There are, however, differences between Mendel’s case and the others. Mendel’s work was forgotten only briefly, and once rediscovered, quickly became widely known. Furthermore, de Vries, Correns, and Tschermak, though they rediscovered his principles independently, eventually did read his paper and cite his results. Finally, one cannot rightly say that Mendel’s work would have had no influence if de Vries, Correns, and Tschermak had never lived. Mendel’s article had already been included in a widely circulated bibliography (by W.O. Focke) of works on heredity.

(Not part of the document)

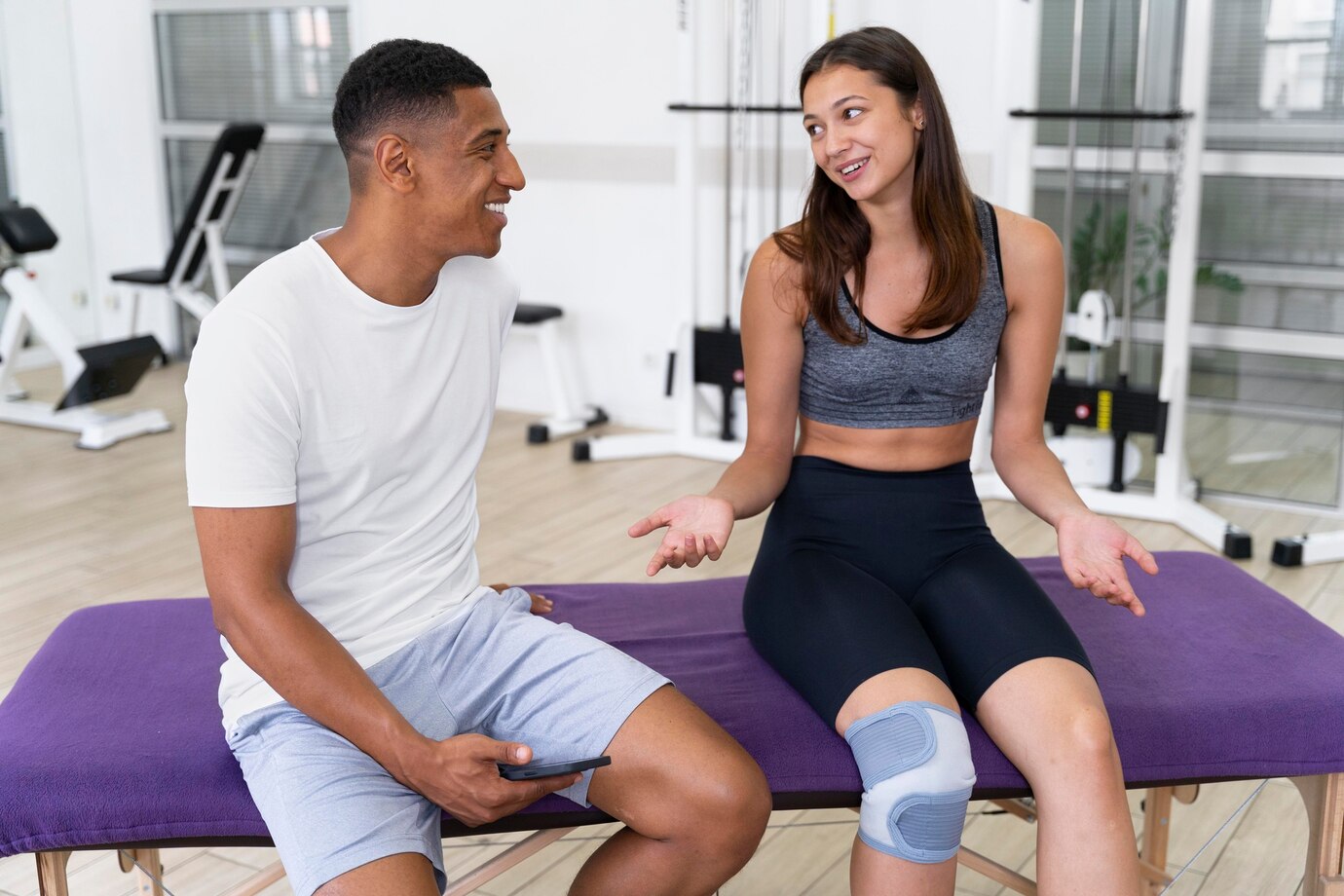 Sports physical therapy clinic with exercise equipment, physiotherapists working with patients, and rehabilitation tools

That listing ensured that sooner or later some serious student in the field would come across Mendel’s article. It might be noted that none of the other three scientists ever claimed credit for the discovery of genetics; also, the scientific principles discovered are universally referred to as “Mendel’s Laws.”
Mendel’s discoveries seem comparable, both in originality and importance, with Harvey’s discovery of the circulation of the blood, and he has been ranked accordingly.